Zum Angeln auf Seelachs kann ich dir leider noch nichts genaues sagen. Ist irgendwie unser Angstgegner. Haben uns für dieses Jahr ein neues Echolot gekauft. Vielleicht finden wir die Jungs ja dann mal. 

Wenn du noch Fragen hast, melde dich einfach. 

Gruß 
Bernd


----------



## Hel_Ge (1. Juli 2021)

Moin Bernd,

danke!

In die richtigen Tiefen wollen wir auch gar nicht gehen - also passt das alles sehr gut.

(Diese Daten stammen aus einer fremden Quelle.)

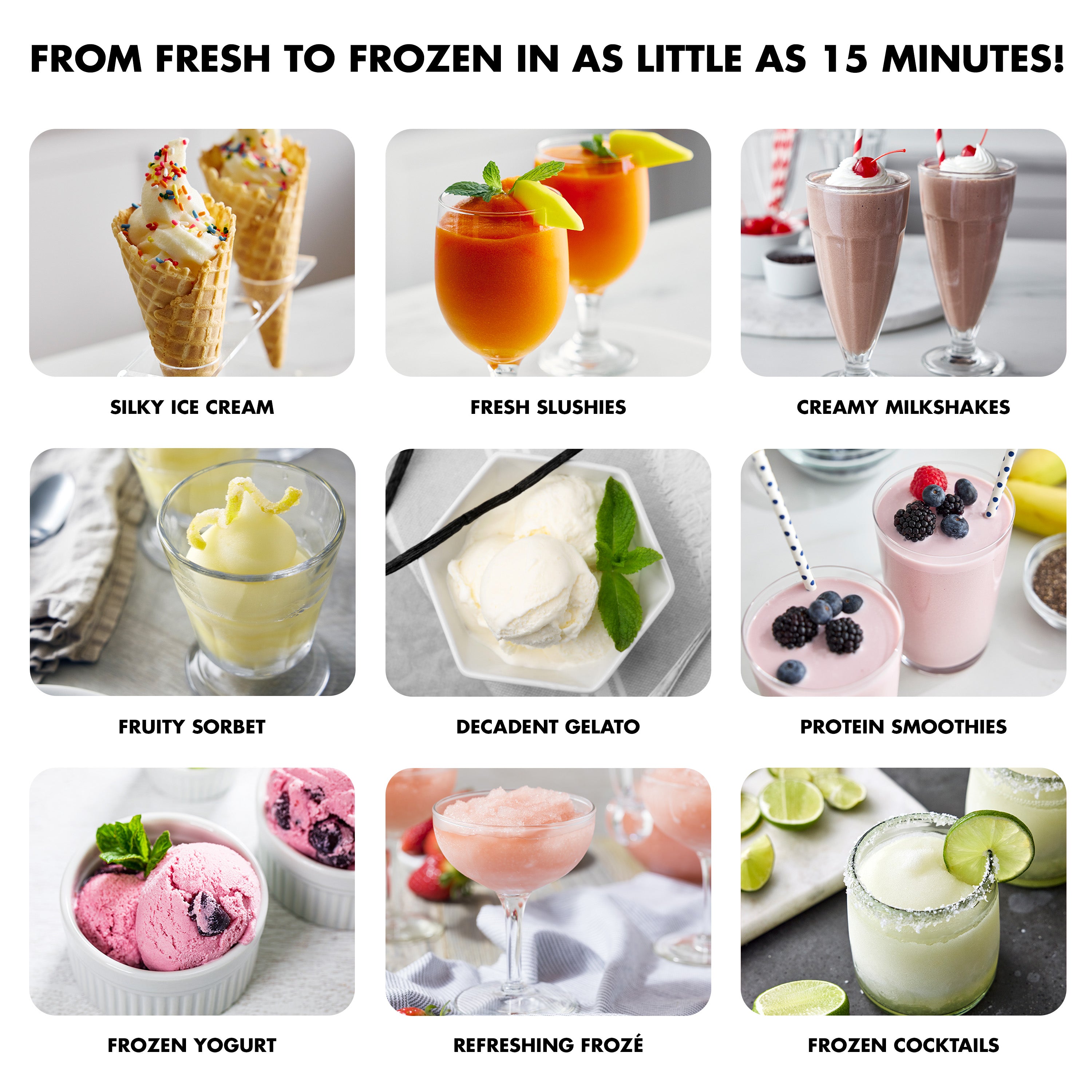 Promotional graphic showcasing various frozen desserts and drinks with text indicating quick freezing time.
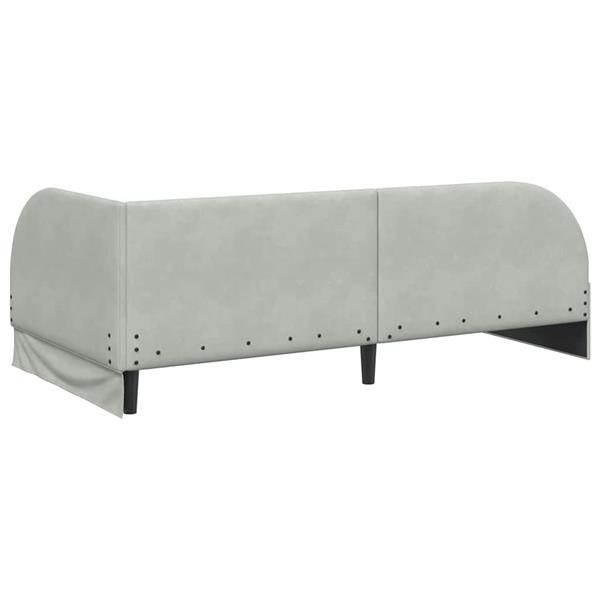 Grote foto vidaxl hoekbedframe lichtgrijs 90 cm x 190 cm polyester en multiplex antiek en kunst stoelen en banken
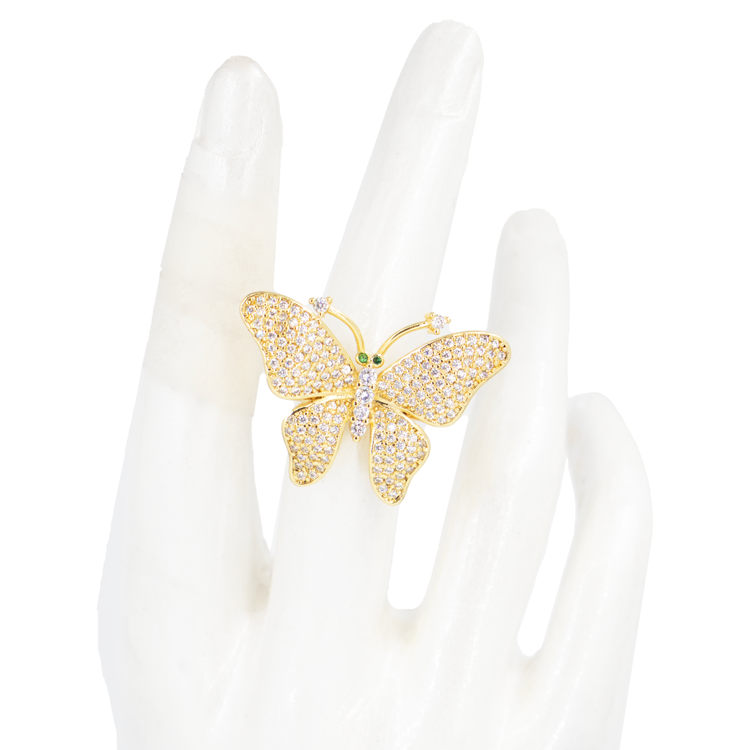 ANILLO MARIPOSA GRANDE BAÑO EN RODIO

Danke auch für die Tipps bezüglich der Snaps und der Farben. 
Werde in den kommenden Tagen noch gründlich Inventur machen und darauf achten.
Meerforellenblinker und -wobbler habe ich einige. Glaube aber, dass Snaps noch nicht dabei ist... 
Eher Hansen Flash und Falkfish Wobbler Spöket.

Ich habe auf der Seekarte rund um unser Gebiet auch schon schöne Erhebungen und Berge gefunden. 
Das sollte ja da hoffentlich gut klappen.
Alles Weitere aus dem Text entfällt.